The Compleat Al is hard to review, because it is a mixture of humor and music videos. It is just over 100 minutes long, including opening and closing credits, and that includes 8 music videos, plus the two other songs. If you like Weird Al Yankovic's music, then this alone makes the DVD worth owning. Most of the jokes in the other sections are great and the ones that fail to reach their mark are over soon enough. The movie doesn't have very good cohesion, as it bounces all over the place without much connective tissue, so to speak. So, if you are looking for a more traditional documentary, you will be probably disappointed. On the other hand, if you are a long time fan, or a new fan interested in some of his earlier work, then this is worth picking up.

The Extras

The only downside is the extras. There are none. The DVD does come with two trailers, so I guess that's better than nothing.


UHF is a more traditional movie, especially compared to The Compleat Al. Weird Al Yankovic stars as George Newman, whom we first meet in a daydream where he thinks he's Indiana Jones. As a result of this daydreaming, he and his friend, Bob, are fired, yet again. This is also the reason he gets into a fight with his girlfriend, Teri. Teri thinks George isn't serious about, well, life and wants him to settle down and get a real job.

George does get a break when he visits his Aunt and Uncle. His uncle Harvey just won a UHF station, UHF 62, in a poker game and while he was going to dump it, Aunt Esther convinces him to let George run it. When George and Teri check it out, at night, which is when they meet Philo, the TV station's technician. The next day, George and Bob head to the station and meet the secretary, Pamela Finklestein, who is actually an aspiring news reporter. Later, a package arrives at the station, a package that was supposed to go to R.J. Fletcher, the owner of the Channel 8, the network affiliate. George decides to return the package personally, as a chance to get to know the competition. That turns out to be a mistake, as R.J. is a nasty individual. We see him fire Stanley Spadowski, the janitor, for a mistake he made himself. He also threatens to have George arrested for stealing his mail, even though George was returning it as a favor.

As George is hastily leaving Channel 8, he sees Stanley being kicked out of the building and George offers him a job. This turns out to be a very wise decision, because despite George's attempts, UHF 62 is going under. It isn't until George offhandedly gives Stanley the hosting duties of a kids show that the network begins to find an audience. In fact, Stanley's Clubhouse becomes such a huge hit that UHF 62 beats Channel 8 in the ratings. This gives George a lot more money to try new shows, but it also means R.J. Fletcher will stop at nothing to get rid of them.

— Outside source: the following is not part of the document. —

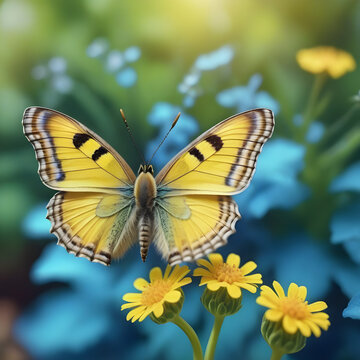 Small yellow bright summer flowers and butterfly on a background of blue and green foliage in a fairy garden. Macro artistic image.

UHF is at its best when the plot isn't getting in the way of the jokes. It sounds like a strange thing to say about a movie, but it's true. Weird Al Yankovic is at his best here when he's allowed to make extended parodies of movies, like with Indiana Jones or later on with Rambo. There are also many funny commercial parodies, from Spatula City to Crazy Earl's Car Lot to Plots R Us, that really show case Weird Al's sense of humor. And of course, there's the music video for "Beverly Hillbillies". On the downside, the plot is rather pedestrian and there's not a lot here that's unique. The more it takes center stage, the less energy the film has. Fortunately, that's not a huge problem and fans of Weird Al will find more than enough to enjoy here.

The Extras

Most of the extras are from the 2002 DVD release, including an audio commentary track, behind-the-scenes, deleted scenes, and a music video. The audio commentary track includes Weird Al Yankovic and Jay Levey, as well as some guests. They are realistic about the problems with the movie and and do point out some mistakes and problems with the budget / shooting schedule. The deleted scenes are hosted by Weird Al and he's even more self-deprecating here than in the audio commentary track.

New to Blu-ray is a 51-minute long Comic Con panel with Weird Al Yankovic talking about his career. There were a number of Easter Eggs on the DVD that are not on the Blu-ray.

The technical presentation is good, all things considered. UHF cost just $5 million to make 25 years ago and it failed to find an audience in theaters. The video has quite a bit of grain, the colors are not always as vibrant as they should be, while there's more than a few signs of print damage. It does look better than it did on DVD, which is a plus, but clearly there wasn't a budget to clean up the print. On the plus side, there's no sign of digital manipulation and there are no compression issues either. The audio is a 2.0 stereo track. The audio is clear and there are no technical issues, but it's a 2.0 stereo track, so there's also no activity in the surround sound speakers.

The Verdict

Both the The Compleat Al DVD and the UHF Blu-ray are worth picking up for fans of Weird Al Yankovic. If I were forced to pick just one, I would go with The Compleat Al, because it hasn't been widely available for so long.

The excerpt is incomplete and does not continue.